Your objective:
Search the material below for the word "Black". Copy every line that has it.

Records:
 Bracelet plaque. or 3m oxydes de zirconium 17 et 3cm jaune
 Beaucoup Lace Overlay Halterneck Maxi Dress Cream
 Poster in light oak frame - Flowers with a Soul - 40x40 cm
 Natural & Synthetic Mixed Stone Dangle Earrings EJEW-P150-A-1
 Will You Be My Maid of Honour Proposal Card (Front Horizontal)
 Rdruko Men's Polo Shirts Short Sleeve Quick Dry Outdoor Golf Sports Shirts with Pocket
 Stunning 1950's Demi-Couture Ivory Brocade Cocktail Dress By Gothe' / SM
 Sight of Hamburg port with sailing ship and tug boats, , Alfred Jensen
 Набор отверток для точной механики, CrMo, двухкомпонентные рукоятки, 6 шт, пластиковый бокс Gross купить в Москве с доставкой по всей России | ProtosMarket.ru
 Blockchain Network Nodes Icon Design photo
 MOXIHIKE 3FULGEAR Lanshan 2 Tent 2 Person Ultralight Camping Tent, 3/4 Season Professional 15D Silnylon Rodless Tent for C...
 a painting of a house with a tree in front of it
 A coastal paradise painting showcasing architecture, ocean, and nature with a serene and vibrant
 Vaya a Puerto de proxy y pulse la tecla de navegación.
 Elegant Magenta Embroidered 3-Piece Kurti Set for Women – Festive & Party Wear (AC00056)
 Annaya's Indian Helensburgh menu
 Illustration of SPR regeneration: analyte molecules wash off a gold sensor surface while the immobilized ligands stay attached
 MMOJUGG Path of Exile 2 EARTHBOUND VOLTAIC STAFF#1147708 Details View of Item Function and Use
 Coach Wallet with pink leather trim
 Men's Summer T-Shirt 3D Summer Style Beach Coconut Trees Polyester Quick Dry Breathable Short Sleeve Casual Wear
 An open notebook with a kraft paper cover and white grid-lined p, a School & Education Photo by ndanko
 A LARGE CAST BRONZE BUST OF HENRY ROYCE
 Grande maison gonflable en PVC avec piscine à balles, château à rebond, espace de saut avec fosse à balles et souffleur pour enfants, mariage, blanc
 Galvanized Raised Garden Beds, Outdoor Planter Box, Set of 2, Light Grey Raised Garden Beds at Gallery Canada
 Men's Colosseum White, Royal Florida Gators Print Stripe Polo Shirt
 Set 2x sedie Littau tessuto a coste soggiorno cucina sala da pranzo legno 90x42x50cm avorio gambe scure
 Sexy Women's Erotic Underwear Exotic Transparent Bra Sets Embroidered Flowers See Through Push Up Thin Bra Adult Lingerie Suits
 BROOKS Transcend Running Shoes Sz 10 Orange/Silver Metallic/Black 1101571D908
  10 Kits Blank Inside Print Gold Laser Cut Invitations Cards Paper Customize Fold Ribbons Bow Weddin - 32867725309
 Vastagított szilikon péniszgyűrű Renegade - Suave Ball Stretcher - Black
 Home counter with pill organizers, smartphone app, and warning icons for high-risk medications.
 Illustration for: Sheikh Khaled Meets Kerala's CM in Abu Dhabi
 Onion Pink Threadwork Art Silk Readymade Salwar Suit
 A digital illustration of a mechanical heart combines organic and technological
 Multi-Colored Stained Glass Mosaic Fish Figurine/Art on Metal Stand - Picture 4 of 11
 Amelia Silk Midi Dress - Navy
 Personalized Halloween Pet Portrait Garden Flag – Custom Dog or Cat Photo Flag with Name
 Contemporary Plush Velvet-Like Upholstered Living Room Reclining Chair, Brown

Answer to the problem:
 BROOKS Transcend Running Shoes Sz 10 Orange/Silver Metallic/Black 1101571D908
 Vastagított szilikon péniszgyűrű Renegade - Suave Ball Stretcher - Black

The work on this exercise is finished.